● What to produce
Without including any pictures, copy every line below exactly.

● Exercise data
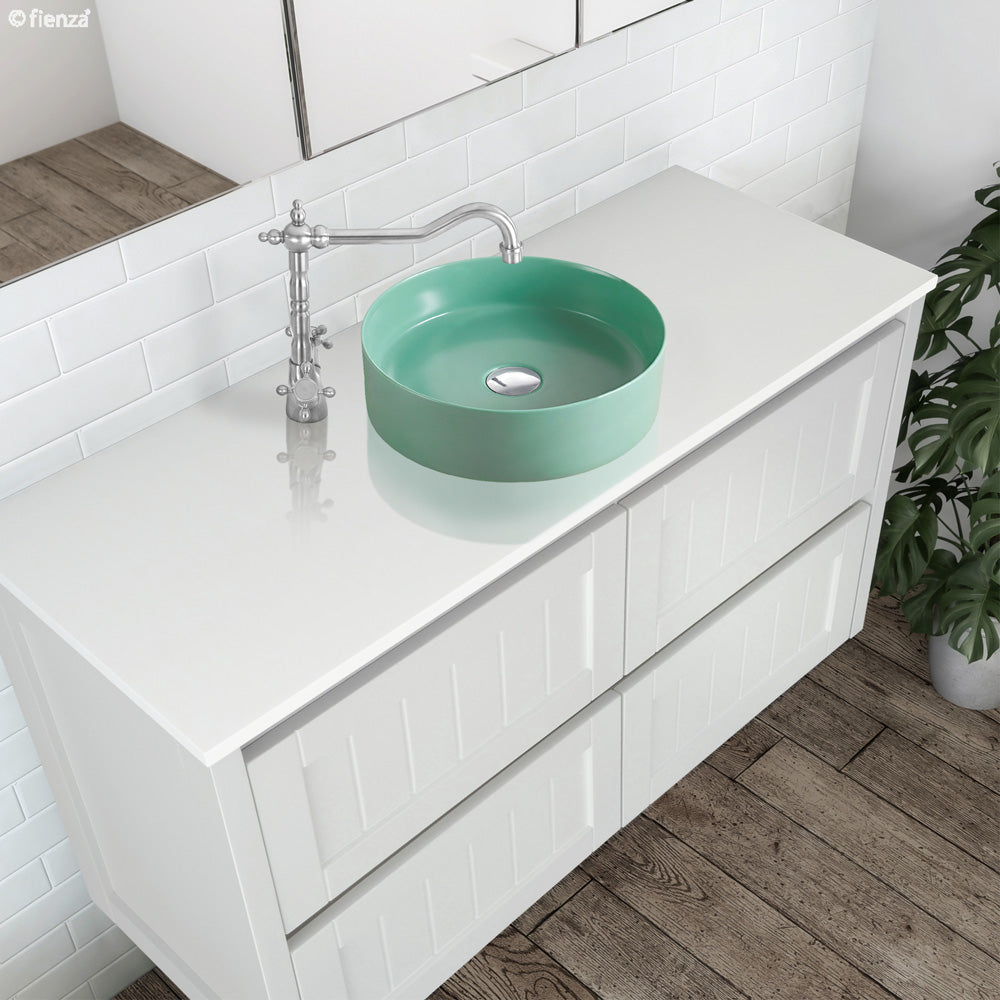 Fienza Reba Round Above Counter Basin 360 x 120mm, Gloss White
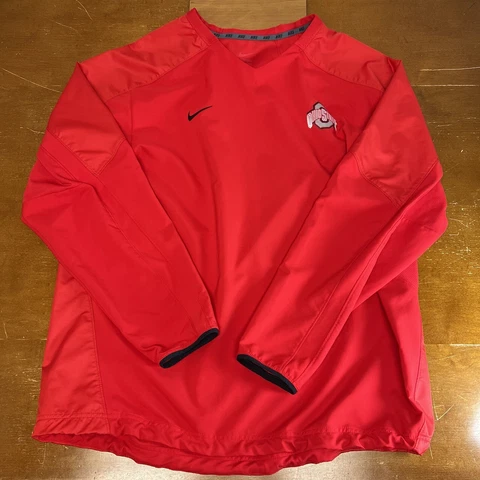 Ohio State Buckeyes Sweatshirt Mens XL Red Lightweight Windbreaker Pullover * Cover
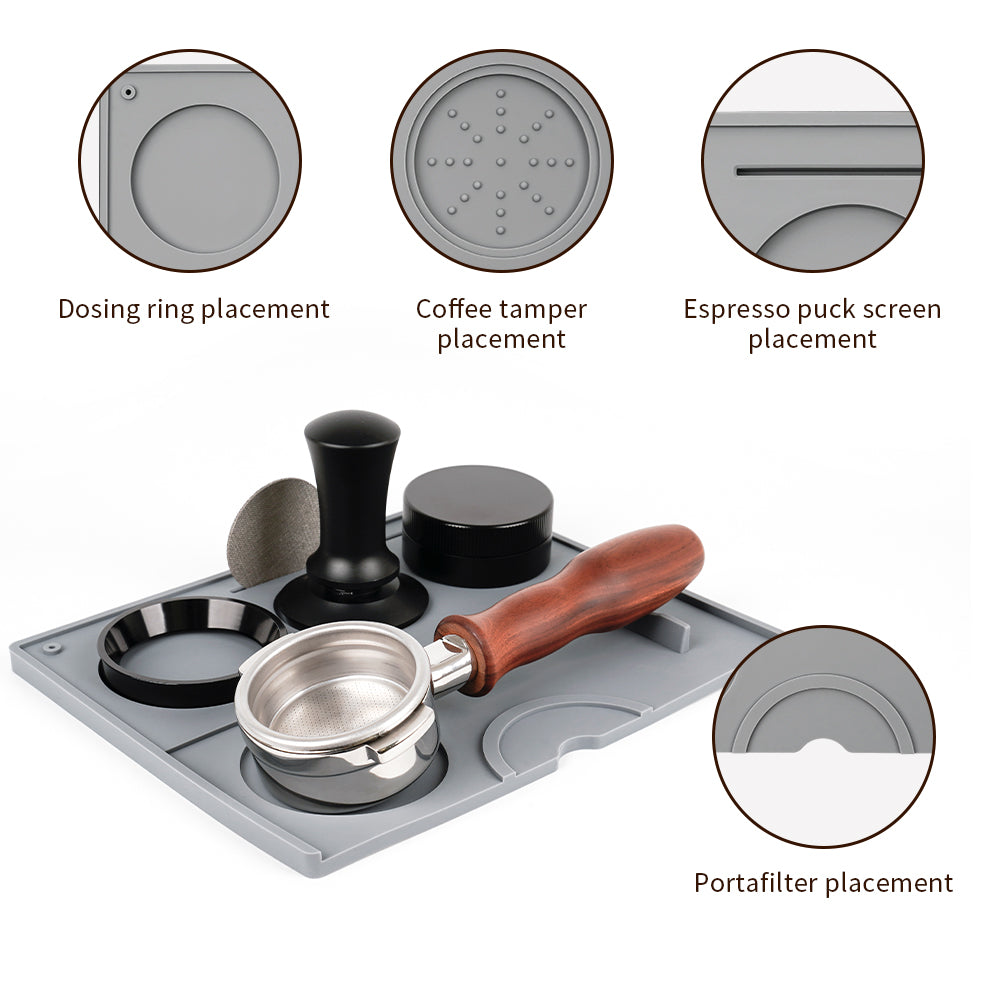 Espresso Tamping Mat - Espresso Tamping Station Food Grade Silicone Coffee Tamper Mat Espresso Accessory for Baristas Home Kitchen Bar Coffee Shop 9.84Inch x 7.87Inch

● Output of the task
 Fienza Reba Round Above Counter Basin 360 x 120mm, Gloss White
 Ohio State Buckeyes Sweatshirt Mens XL Red Lightweight Windbreaker Pullover * Cover
 Espresso Tamping Mat - Espresso Tamping Station Food Grade Silicone Coffee Tamper Mat Espresso Accessory for Baristas Home Kitchen Bar Coffee Shop 9.84Inch x 7.87Inch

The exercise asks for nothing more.